# 4/8 morning-- Pensacola Beach



## John B. (Oct 2, 2007)

Cold this morning... 48°, hard NE wind 15-18mph. Clear water, small groundswell. 

First time out this year. Fished a 5 rod spread. Had the first bite before I could sit down. Caught 3 more by 9:30, and had hooks pull on 2 more... not bad for being so cloudy.

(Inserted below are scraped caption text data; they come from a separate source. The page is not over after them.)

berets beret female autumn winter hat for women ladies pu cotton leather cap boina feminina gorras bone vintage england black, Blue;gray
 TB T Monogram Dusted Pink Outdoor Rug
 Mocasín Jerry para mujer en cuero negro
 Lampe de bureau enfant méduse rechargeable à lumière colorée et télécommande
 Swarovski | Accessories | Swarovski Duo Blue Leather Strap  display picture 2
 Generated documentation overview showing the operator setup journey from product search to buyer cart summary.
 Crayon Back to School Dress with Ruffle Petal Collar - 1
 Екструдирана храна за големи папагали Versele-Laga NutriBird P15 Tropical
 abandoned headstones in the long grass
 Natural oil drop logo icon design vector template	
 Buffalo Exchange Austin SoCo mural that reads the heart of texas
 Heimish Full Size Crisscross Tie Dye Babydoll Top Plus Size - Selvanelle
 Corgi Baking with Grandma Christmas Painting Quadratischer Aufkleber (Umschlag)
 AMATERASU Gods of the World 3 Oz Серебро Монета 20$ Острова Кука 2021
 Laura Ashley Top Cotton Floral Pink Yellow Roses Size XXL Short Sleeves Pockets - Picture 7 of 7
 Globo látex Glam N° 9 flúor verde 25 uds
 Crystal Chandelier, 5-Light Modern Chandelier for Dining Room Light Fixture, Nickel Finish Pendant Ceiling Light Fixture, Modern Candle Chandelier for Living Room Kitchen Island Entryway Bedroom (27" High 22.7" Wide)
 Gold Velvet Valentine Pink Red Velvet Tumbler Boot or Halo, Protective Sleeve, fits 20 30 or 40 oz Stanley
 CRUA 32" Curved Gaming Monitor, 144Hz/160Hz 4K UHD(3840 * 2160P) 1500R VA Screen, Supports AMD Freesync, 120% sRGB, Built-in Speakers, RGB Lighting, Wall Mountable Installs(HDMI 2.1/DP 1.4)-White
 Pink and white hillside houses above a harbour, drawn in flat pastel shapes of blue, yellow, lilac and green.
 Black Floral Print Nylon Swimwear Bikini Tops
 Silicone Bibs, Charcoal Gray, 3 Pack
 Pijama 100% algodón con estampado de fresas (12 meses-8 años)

Sent from my SM-G950U using Tapatalk


----------



## PastorJack (Jun 25, 2014)

Looks like you had a great time.


----------



## Boat-Dude (Sep 24, 2011)

Good dinner, good job John. To cold fur meh.


----------



## John B. (Oct 2, 2007)

It was really cold... I dug a hole to get out of the wind 

Sent from my SM-G950U using Tapatalk


----------



## Boat-Dude (Sep 24, 2011)

hahaha


----------



## GROUPERKING (Sep 28, 2011)

Way to go John ! I didn't know that you pompano .


----------



## John B. (Oct 2, 2007)

GROUPERKING said:


> Way to go John ! I didn't know that you pompano .


Oh yeah... wish it was as good as it used to be... 25 years ago, 4 pomps would be piss poor... I remember being a kid and being the only people on the beach... 20-30 fish days were not uncommon... now everyone is doing it. 🤷*♂. So if I don't wake up by 6, I don't waste my time trying to fight the crowds.

Sent from my SM-G950U using Tapatalk


----------



## jaster (Oct 7, 2007)

What do you look for to determine where to set up? A breaknin the bars? Or just close to the parking lot, lol


----------



## John B. (Oct 2, 2007)

jaster said:


> What do you look for to determine where to set up? A breaknin the bars? Or just close to the parking lot, lol


If the surf is about 2 feet, it makes it easier to find a hole, it'll be where the waves aren't breaking. It's essentially a wash out, where one would get caught in a rip current. If it's fat calm, I don't think it matters where you set up... a lot of people try to throw out as far as they can... I don't believe in that. Waste of time and effort. 

Sent from my SM-G950U using Tapatalk


----------



## Woody Forbs (Feb 14, 2018)

What was on the hooks?

Double droppers w/ circles?


----------



## Jason (Oct 2, 2007)

Come on, you should have been at work brother!!! At least you caught enough fer you and momma!


----------



## SurfFishingMeister (Aug 18, 2015)

That amazes me that you used to catch 20 in a day! Wow absolutely unbelievable. Thanks for sharing.


----------